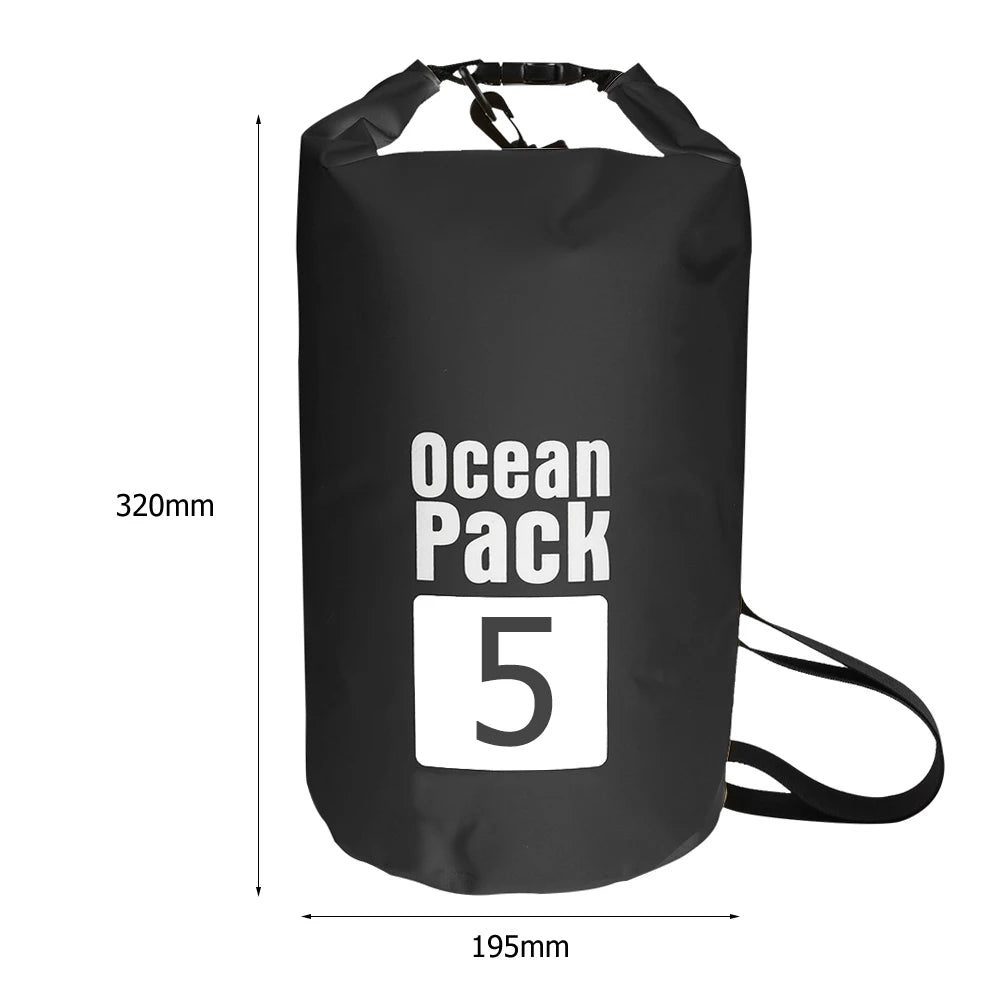 Bolsa seca impermeable 2L–15L para playa, kayak, trekking y natación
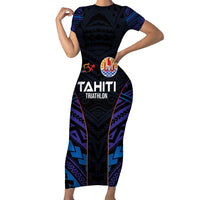 Personalised Tahiti Triathlon Polynesian Pattern Family Matching Short Sleeve Bodycon Dress and Hawaiian Shirt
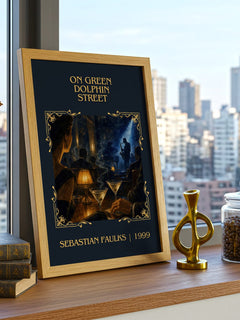 On Green Dolphin Street Classic Book Art Print by Sebastian Faulks – framed print on a city-view windowsill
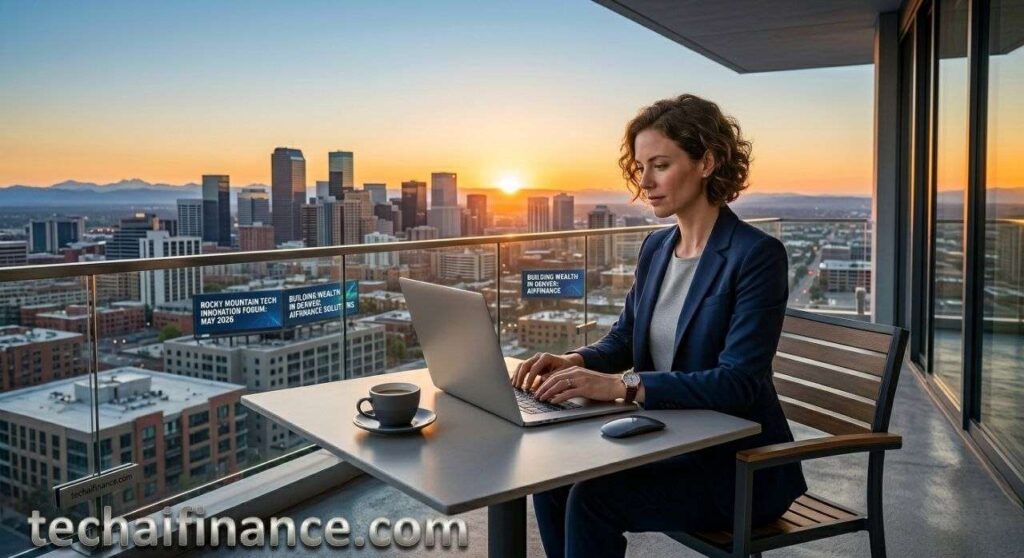 American professional at a standing desk reviewing skill development resources and freelance income charts on a laptop in a modern home office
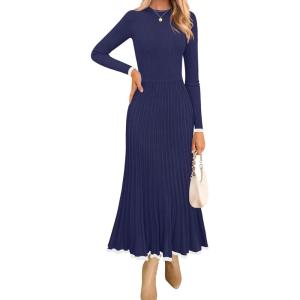 ZESICA Women’s Long Sleeve Sweater Dress Fall 2026 Crewneck Ribbed Knit Pleated A-Line Maxi Wedding Guest Dresses(Navy)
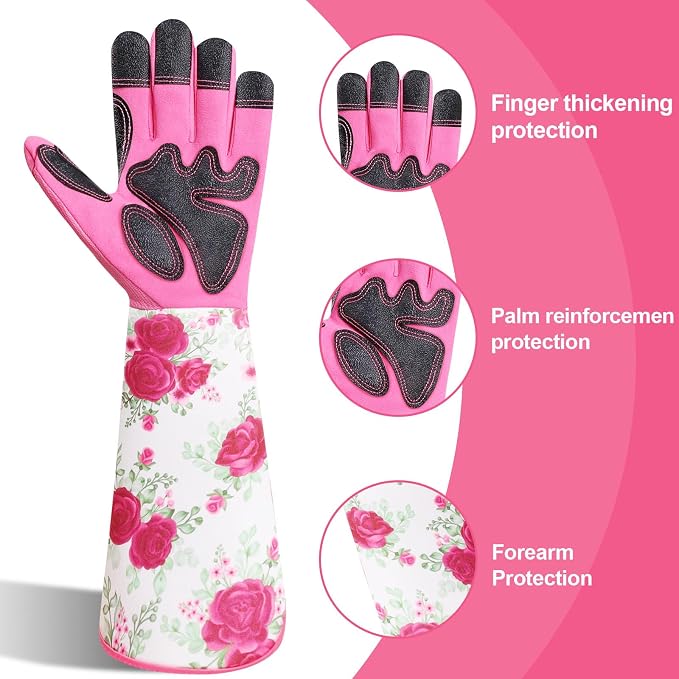 DLY Garden Gloves for Women,Gardening Gloves,Garden Gift for Lady,Blue,XL | Lightweight Microfiber Leather, Breathable Long Cuff, 3-Finger Touchscreen, Pink Rose Print, Pruning, Planting & Yard Work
────────────────────────────────────────
> [TASK ITEM]: Your copy should run from the line that has "American professional at" through the last line above, exactly, with both ends in and pictures out.

> [EXERCISE RESPONSE]:
 American professional at a standing desk reviewing skill development resources and freelance income charts on a laptop in a modern home office
 ZESICA Women’s Long Sleeve Sweater Dress Fall 2026 Crewneck Ribbed Knit Pleated A-Line Maxi Wedding Guest Dresses(Navy)
 DLY Garden Gloves for Women,Gardening Gloves,Garden Gift for Lady,Blue,XL | Lightweight Microfiber Leather, Breathable Long Cuff, 3-Finger Touchscreen, Pink Rose Print, Pruning, Planting & Yard Work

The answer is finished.